Ao conquistar a aposentadoria, o segurado passa a ter autorização para retirar integralmente os recursos existentes em suas contas vinculadas ao FGTS. Isso significa que o dinheiro acumulado durante anos de trabalho não é perdido nem transferido para o governo, permanecendo sob propriedade do trabalhador, que pode utilizá-lo da forma que considerar mais conveniente.

A situação também beneficia quem decide continuar trabalhando com carteira assinada após receber o benefício do Instituto Nacional do Seguro Social (INSS). Nesses casos, a empresa permanece obrigada a realizar os depósitos mensais do FGTS normalmente. Além disso, o aposentado pode sacar os novos valores depositados, seguindo as regras previstas para essa modalidade.
Dinheiro do FGTS segue disponível para o aposentado
Enquanto não são retirados, os recursos do fundo permanecem sob administração da Caixa Econômica Federal.

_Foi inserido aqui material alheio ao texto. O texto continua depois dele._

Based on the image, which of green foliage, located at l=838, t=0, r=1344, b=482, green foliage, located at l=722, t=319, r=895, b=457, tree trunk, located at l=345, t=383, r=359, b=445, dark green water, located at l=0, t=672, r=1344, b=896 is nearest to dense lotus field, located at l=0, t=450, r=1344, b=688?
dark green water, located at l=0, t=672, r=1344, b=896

O dinheiro é utilizado para financiar projetos de habitação, saneamento básico e infraestrutura urbana, ajudando a viabilizar obras e programas considerados importantes para o desenvolvimento do país. Mesmo sendo aplicado nessas iniciativas, o saldo continua vinculado ao trabalhador.
As contas continuam registradas em nome do titular, recebem correções periódicas e podem participar da distribuição de resultados do fundo quando houver previsão legal. Por isso, a aposentadoria não encerra a relação do cidadão com o FGTS, mas amplia as possibilidades de acesso a um patrimônio que pode servir como reforço financeiro nessa nova etapa da vida.